// Case Studies
The 'advantage package' phone call: spotting the pressure tactic
An out-of-the-blue call offers an 'advantage package' or a cheaper tariff — but only if you agree right now. That time pressure is the scam. In a real case from our region it stayed a short call: nothing confirmed, no damage. Even so, such an incident should be reported — it helps stop the misuse of the phone number.
Updated: 2026-07-11
How the case was handled
- 1Stay calm and confirm nothing on the phone — no 'yes' to leading questions.
- 2Do not give any personal data, bank details or codes.
- 3Note the time, the number and what was said.
- 4Hang up and do not call back unknown numbers.

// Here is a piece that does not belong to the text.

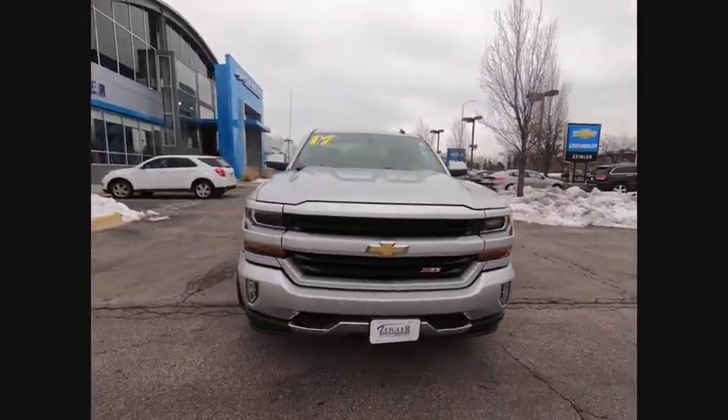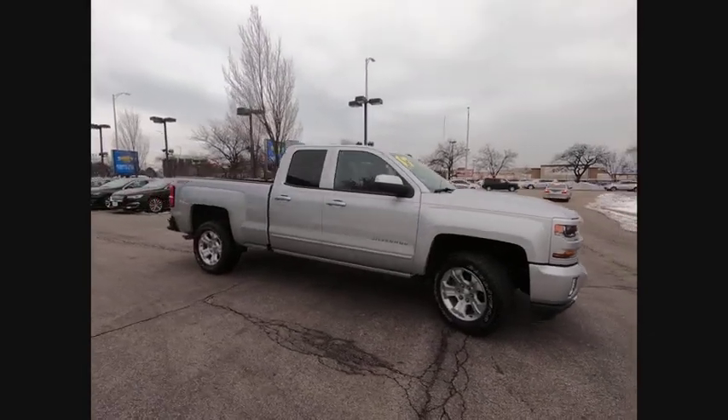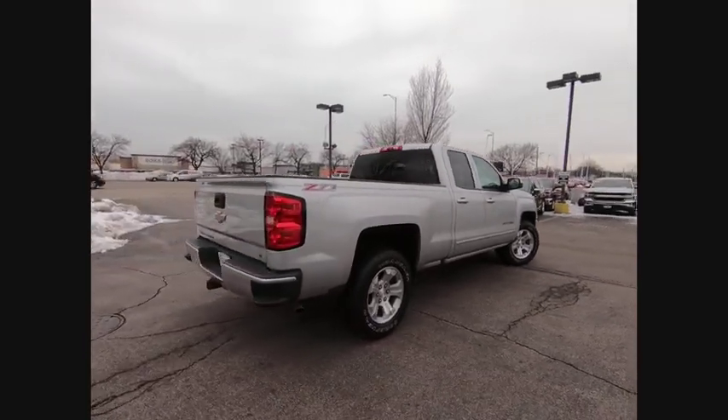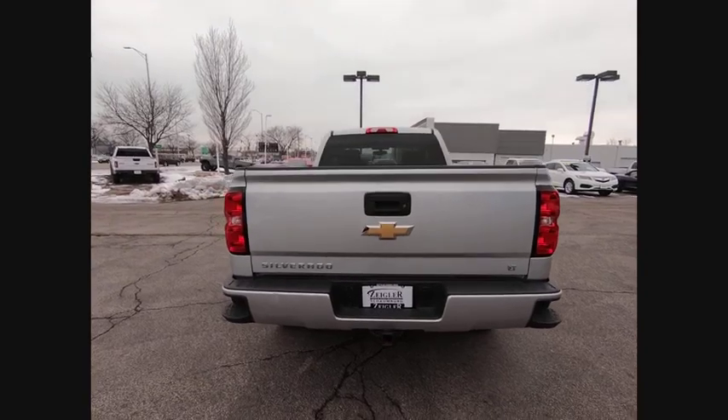Make a great choice today with the 2017 Silverado 1500. The Chevy Silverado 1500 has the lowest cost of ownership of any full-size pickup. This vehicle has less than 25,000 miles. Here are some of this vehicle's great options.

- 5Report the incident to the telecom regulator and the consumer advice centre — even with no damage.
What to avoid
- Do not let 'today only' or 'last chance' pressure you.
- Do not confirm anything verbally — a 'yes' can be construed as a contract.
- Do not call displayed call-back numbers (possible premium-rate service).
- Do not ignore the incident — reporting is valuable precisely when there is no damage.
How SKOPION helps
SKOPION assesses such incidents, documents the relevant traces and prepares a structured report to the responsible authorities — discreetly and without touching your systems.
Confidential enquiryFAQ
- Is it dangerous if I gave no data?
- Then there is usually no damage. Reporting still makes sense — it helps stop the misused number.
- How do I recognise the scam?
- An unexpected call, a too-good offer and artificial time pressure ('only now', 'confirm immediately').
- Where do I report such a call?
- To the telecom regulator (number misuse) and the consumer advice centre. Note the time, number and content first.